Exercise aim | Go through the listing below and write out exactly the lines from the one that mentions "Disclaimer: this product" through the one that mentions "Hi, I'm Captain", minus the pictures.

Given records below:

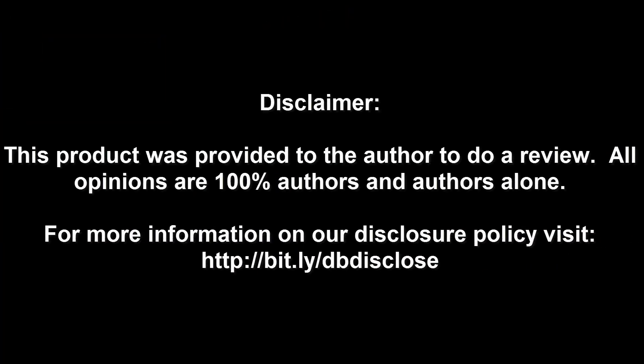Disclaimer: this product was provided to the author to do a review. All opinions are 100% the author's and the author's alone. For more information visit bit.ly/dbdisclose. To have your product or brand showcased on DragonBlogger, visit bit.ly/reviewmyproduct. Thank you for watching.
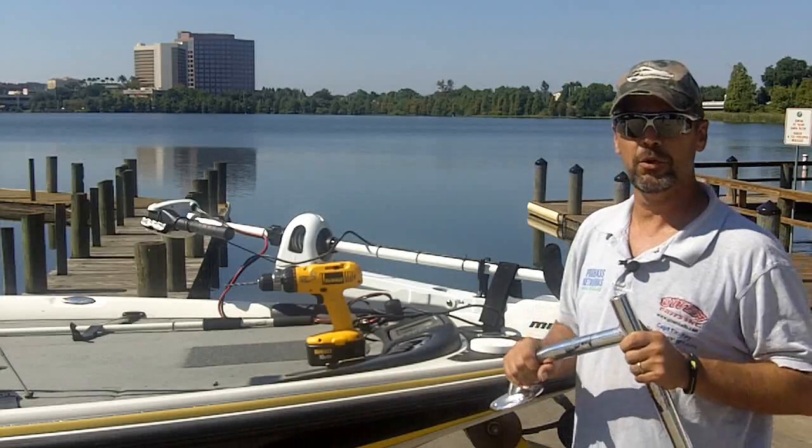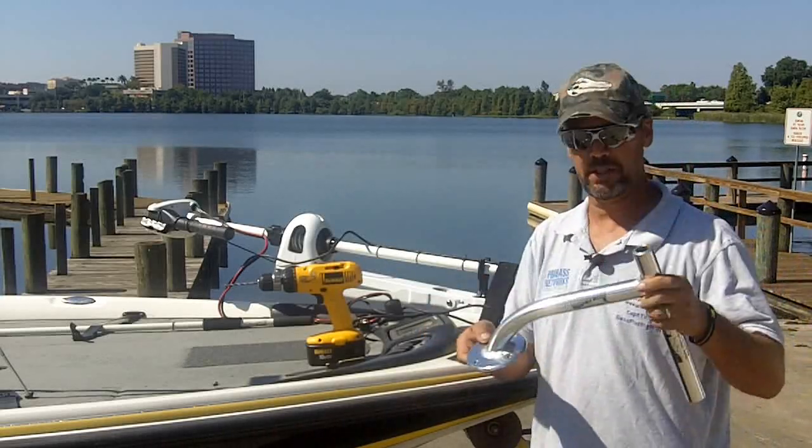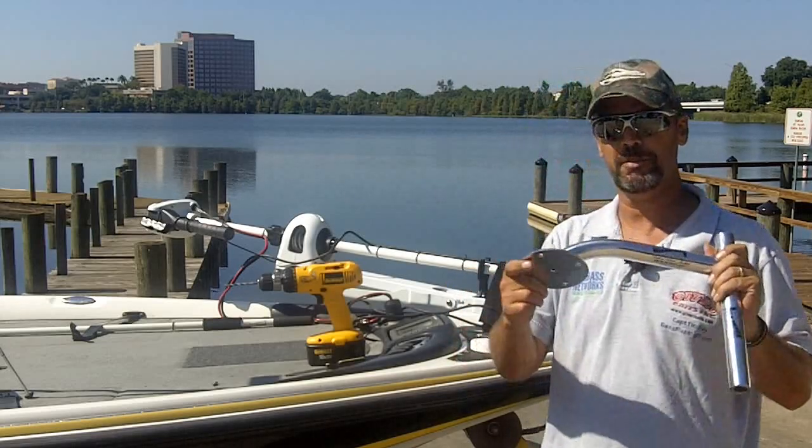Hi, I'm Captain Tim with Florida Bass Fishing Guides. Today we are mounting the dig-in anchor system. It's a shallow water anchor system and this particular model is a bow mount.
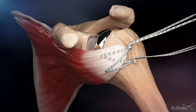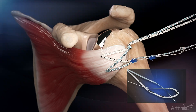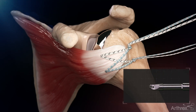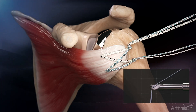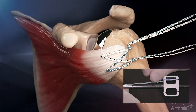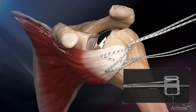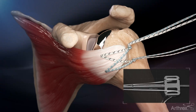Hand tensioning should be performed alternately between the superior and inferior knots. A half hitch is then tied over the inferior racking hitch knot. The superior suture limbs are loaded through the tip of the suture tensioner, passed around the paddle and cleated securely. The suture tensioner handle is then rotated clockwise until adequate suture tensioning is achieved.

End of Given records.
Given records below:

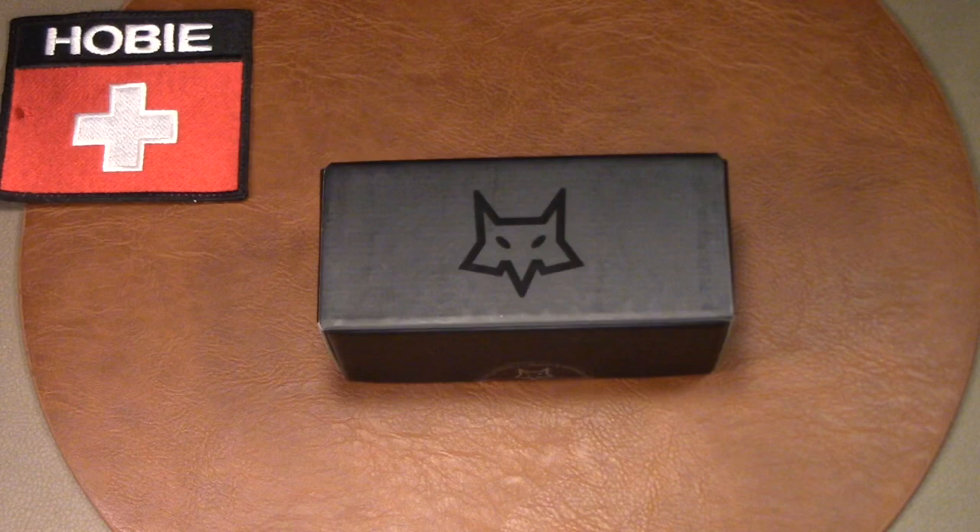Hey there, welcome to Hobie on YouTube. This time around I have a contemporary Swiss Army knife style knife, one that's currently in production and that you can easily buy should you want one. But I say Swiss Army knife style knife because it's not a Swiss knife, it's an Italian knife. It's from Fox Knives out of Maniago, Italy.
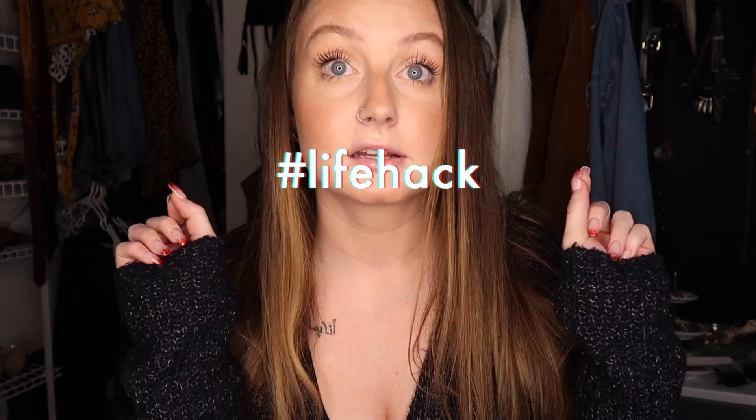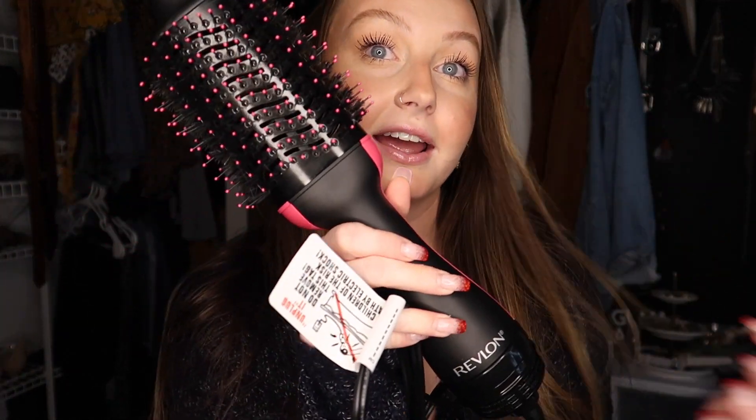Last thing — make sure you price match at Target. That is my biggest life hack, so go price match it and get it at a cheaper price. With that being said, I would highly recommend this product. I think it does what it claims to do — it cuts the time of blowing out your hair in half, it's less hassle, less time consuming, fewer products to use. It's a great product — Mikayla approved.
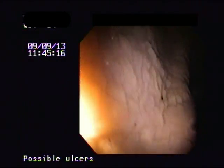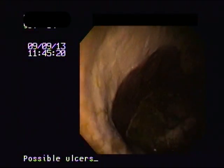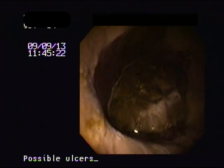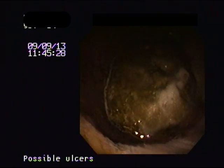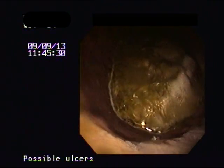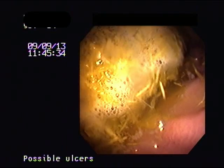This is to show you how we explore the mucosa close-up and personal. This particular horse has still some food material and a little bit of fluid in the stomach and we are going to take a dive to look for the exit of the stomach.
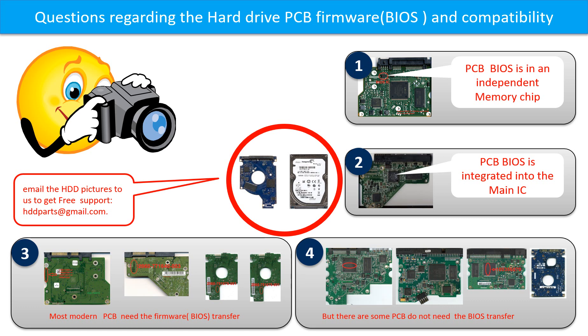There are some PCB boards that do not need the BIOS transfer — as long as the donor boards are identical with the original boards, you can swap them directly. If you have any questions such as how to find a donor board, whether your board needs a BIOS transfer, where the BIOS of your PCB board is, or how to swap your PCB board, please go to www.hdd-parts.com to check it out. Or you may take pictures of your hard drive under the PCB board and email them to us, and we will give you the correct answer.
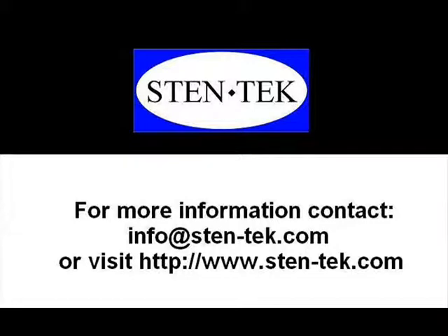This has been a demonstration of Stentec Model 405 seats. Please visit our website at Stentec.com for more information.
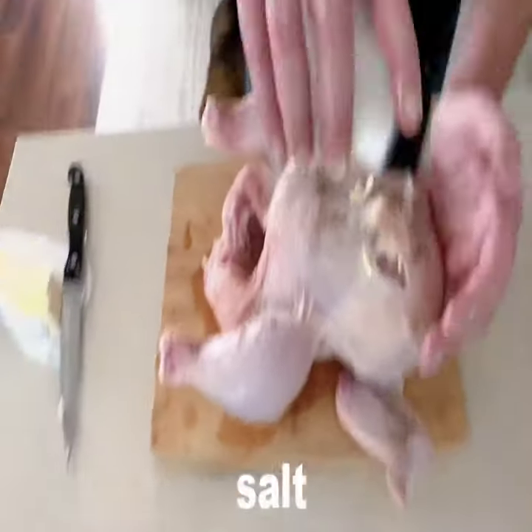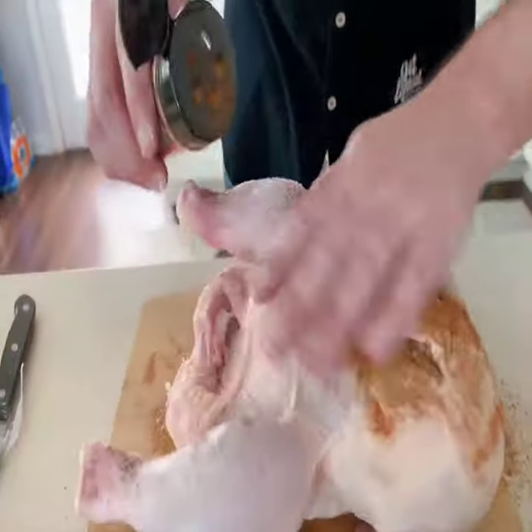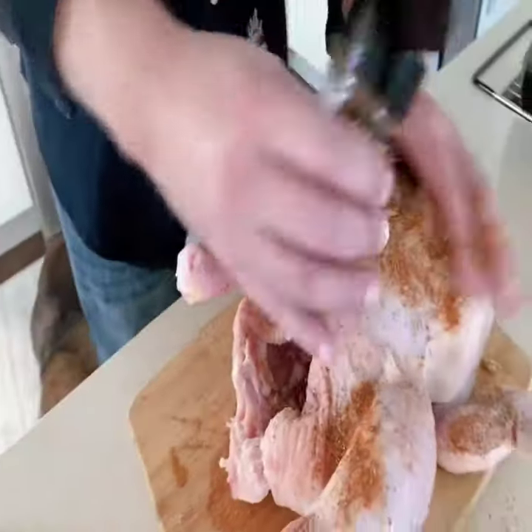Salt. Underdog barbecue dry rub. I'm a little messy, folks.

End of Given records.
Given records below:

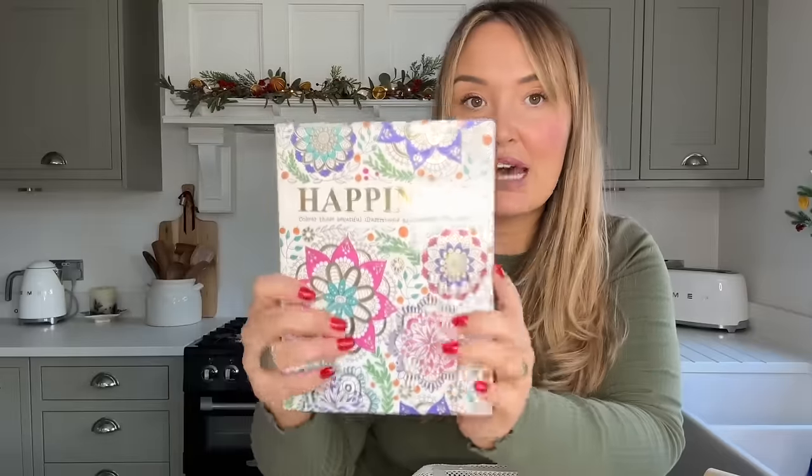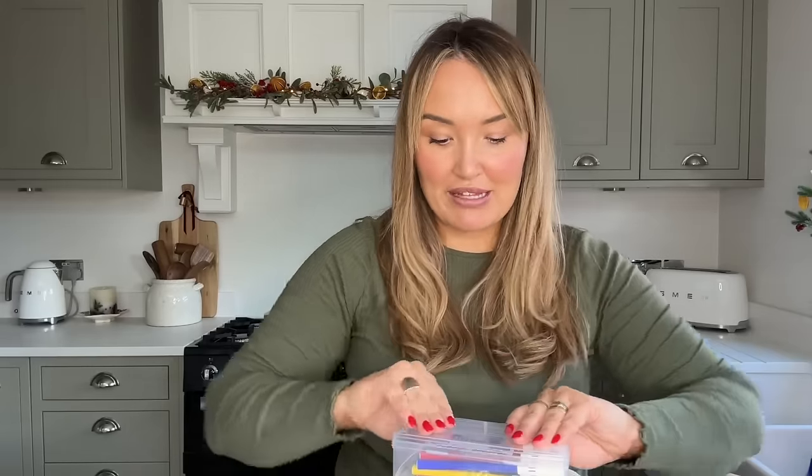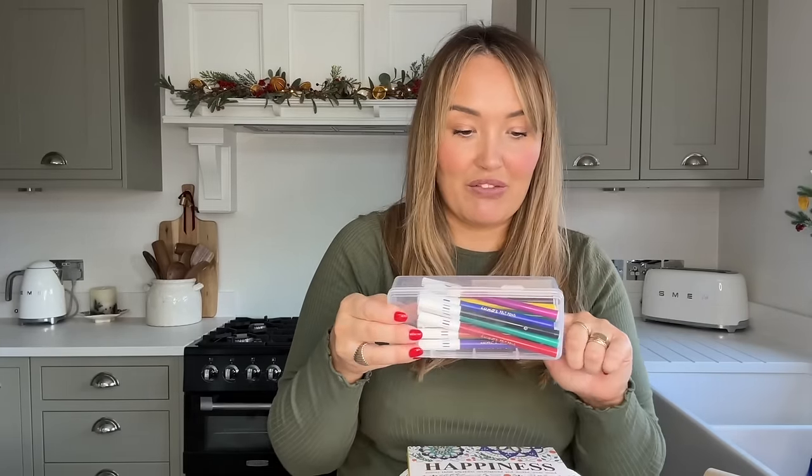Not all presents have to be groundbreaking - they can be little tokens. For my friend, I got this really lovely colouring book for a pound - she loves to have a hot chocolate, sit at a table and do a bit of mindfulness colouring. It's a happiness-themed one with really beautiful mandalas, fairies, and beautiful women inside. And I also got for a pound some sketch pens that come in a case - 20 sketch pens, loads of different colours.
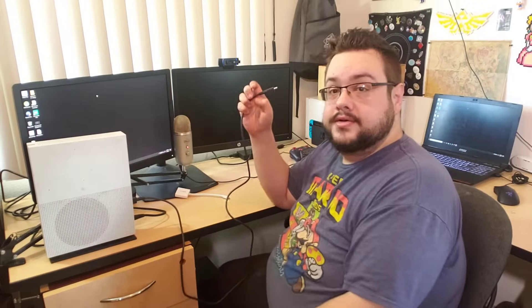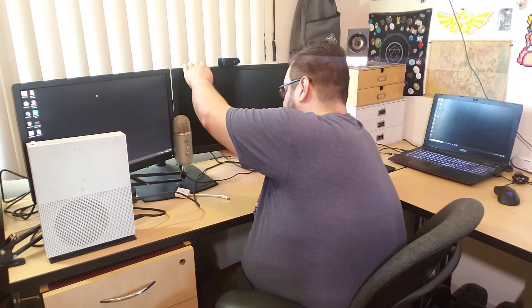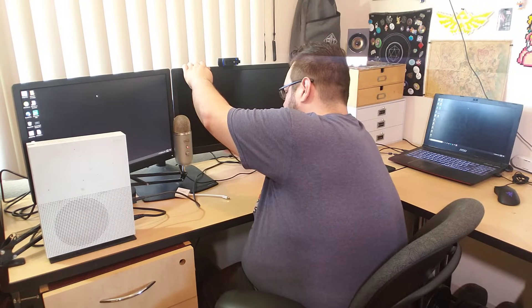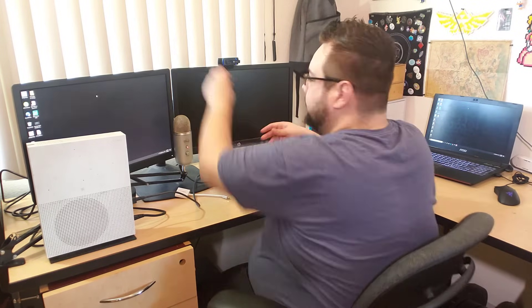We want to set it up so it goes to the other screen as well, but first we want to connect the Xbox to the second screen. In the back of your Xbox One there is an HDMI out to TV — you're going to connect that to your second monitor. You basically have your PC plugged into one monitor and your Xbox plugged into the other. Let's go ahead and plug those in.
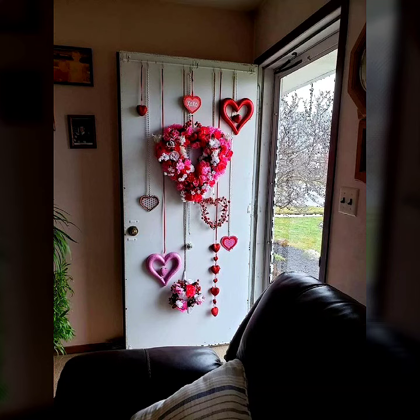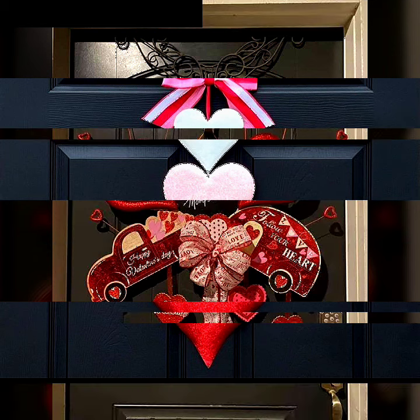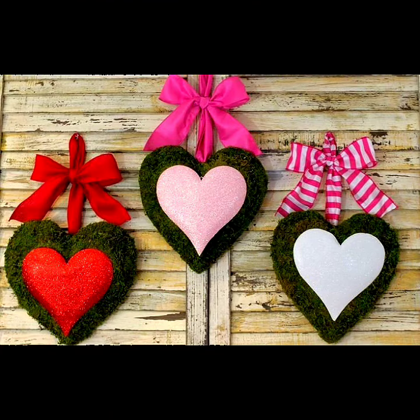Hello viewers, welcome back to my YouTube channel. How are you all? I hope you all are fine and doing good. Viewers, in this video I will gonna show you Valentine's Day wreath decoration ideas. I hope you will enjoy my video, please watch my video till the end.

End of Given records.

Exercise output |
Disclaimer: this product was provided to the author to do a review. All opinions are 100% the author's and the author's alone. For more information visit bit.ly/dbdisclose. To have your product or brand showcased on DragonBlogger, visit bit.ly/reviewmyproduct. Thank you for watching.
Hi, I'm Captain Tim with Florida Bass Fishing Guides. Today we are mounting the dig-in anchor system. It's a shallow water anchor system and this particular model is a bow mount.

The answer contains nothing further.